We previously introduced two key components of Japanese design; the use of natural wall colors and textures and flooring and window treatment options. In this final installment, we explore “low living” furniture styles, their placement and the selection of accessories to create that authentic meditative atmosphere.
Japanese design is based on the concept of “Ma” which is the balance between a space and the objects in it. The essence of “Ma” is simple, minimalistic and uncluttered. When defining the use of your room, choose furniture that is low in height with simple horizontal lines and clean styling. With the neutral themes of your walls and floors, your furniture doesn’t have to match but the color tones should be consistent throughout the space. Pieces that allow light to pass through, such as low seating or end tables made from light colored woods are ideal for maintaining the open airy feeling in your room. Couches and chairs should be placed along the walls of the room to improve the overall flow and feel.

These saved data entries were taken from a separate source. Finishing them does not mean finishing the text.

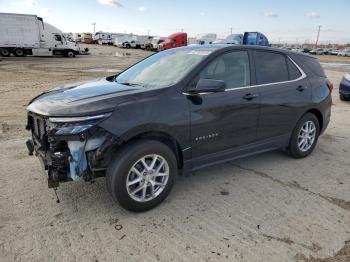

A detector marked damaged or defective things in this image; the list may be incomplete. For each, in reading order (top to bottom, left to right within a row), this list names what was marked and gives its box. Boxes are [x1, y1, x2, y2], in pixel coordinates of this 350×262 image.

damaged front end [25, 112, 119, 188]
front bumper damage [25, 112, 119, 188]
broken headlight [48, 112, 111, 136]
crumpled hood [27, 78, 152, 116]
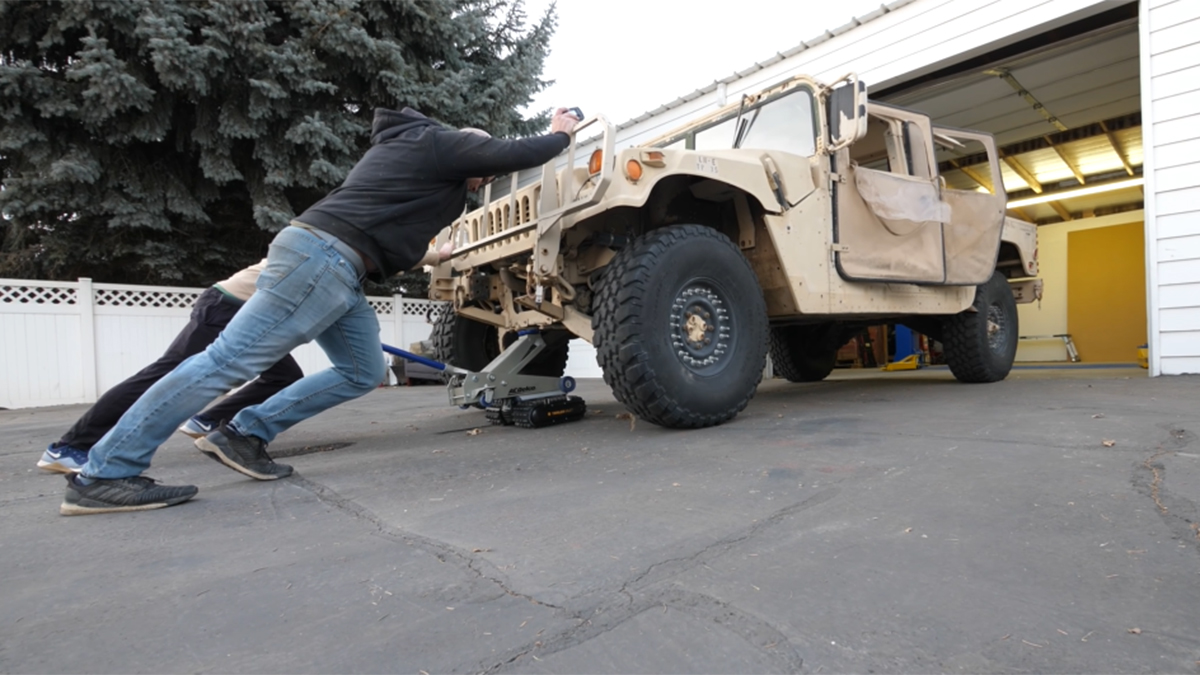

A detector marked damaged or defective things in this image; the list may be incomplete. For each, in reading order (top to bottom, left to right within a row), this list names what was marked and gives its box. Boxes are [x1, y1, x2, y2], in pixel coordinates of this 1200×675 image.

cracked pavement [2, 367, 1200, 672]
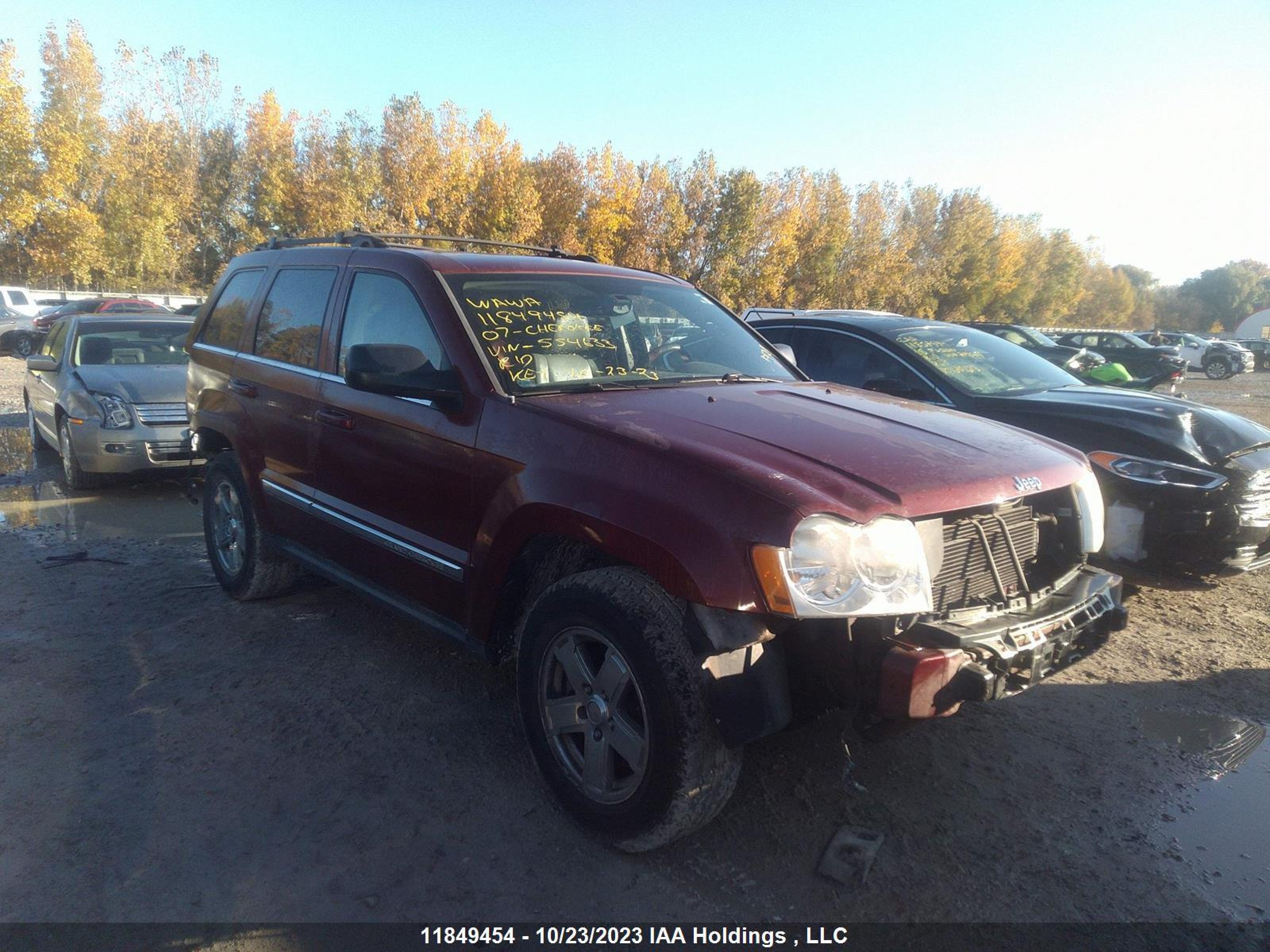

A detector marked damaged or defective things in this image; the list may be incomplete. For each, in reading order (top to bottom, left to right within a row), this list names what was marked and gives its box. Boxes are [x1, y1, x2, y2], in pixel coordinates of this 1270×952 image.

damaged maroon jeep grand cherokee [183, 235, 1124, 850]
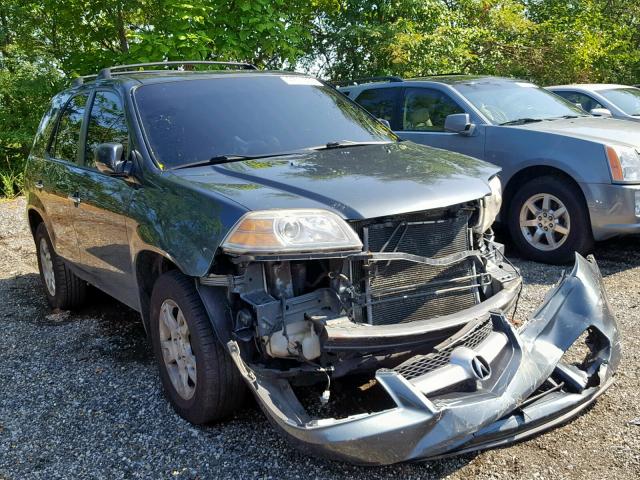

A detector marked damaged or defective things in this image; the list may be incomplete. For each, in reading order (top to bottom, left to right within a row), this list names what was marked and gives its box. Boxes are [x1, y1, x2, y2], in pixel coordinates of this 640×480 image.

crumpled hood [170, 141, 500, 219]
crumpled hood [512, 115, 640, 147]
damaged front end [199, 202, 620, 464]
broken plastic trim [224, 255, 620, 464]
detached front bumper [226, 255, 620, 464]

Traditional Japanese seating is on the floor. A tea table with zaisu chairs or floor pillows are a popular choice as a room centerpiece. Floor pillows are a great option to create a lot of seating and they can be easily stored away when not in use. Tea tables are small and unobtrusive and create the feeling of more space as your eye travels across the room without large furniture impeding the view. In small space designs, furniture that is multi-functional can be discreetly tucked away when not in use. A popular option is a Futon, which can be used as a sofa, bed or daybed.
Balance and simplicity are two of the pillars of Japanese decorating. The arrangement of your furniture doesn’t have to be perfectly balanced, but it does need to “feel” balanced on opposite walls of your space. Place furniture throughout the room, leaving plenty of space between objects.

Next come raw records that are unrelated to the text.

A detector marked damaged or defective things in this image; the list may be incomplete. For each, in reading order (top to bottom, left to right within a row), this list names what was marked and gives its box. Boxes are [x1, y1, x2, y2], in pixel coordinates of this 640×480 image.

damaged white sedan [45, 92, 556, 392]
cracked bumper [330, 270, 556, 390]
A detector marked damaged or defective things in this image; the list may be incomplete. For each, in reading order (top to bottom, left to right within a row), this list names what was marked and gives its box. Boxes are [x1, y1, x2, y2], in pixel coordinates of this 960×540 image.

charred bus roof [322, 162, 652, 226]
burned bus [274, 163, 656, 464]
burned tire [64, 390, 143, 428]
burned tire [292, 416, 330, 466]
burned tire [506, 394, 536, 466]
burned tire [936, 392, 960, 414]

Japanese decorating reflects elegant simplicity. De-clutter and edit your existing accessories with thoughtfulness to color, size and shape. A lack of clutter makes a space feel larger and more open. Your goal is to create a balanced and harmonious space that is punctuated by a lot of clean space. Bring in elements of water and nature. Water provides an element of serenity and can easily be accomplished by placing a water fountain or even a fish tank in your room. Fish are thought to bring good luck in the art of Feng shui. Add an orchid, a bonsai or bamboo shoots in a vase to create an authentic Japanese flair. Remember, in Japanese decorating, less is more. Use one accent piece, one plant – not two or more.
Wall art is simple with clean lines and natural elements such as a framed koi print, Japanese wall scrolls painted with nature or water themes or calligraphy prints that can add a splash of accent colors, such as red or orange. A framed photograph of a nature theme matted in a neutral color and framed in black as a stand-alone on a side table or bookshelf is another option. In looking at Japanese rooms, you will find most walls are bare with one piece of artwork hanging in the middle.
The goal in your furniture design, placement and accessories is to radiate a sense of calm and serenity by balancing clean open spaces with orderly presentation and harmonious arrangements of furniture and accents.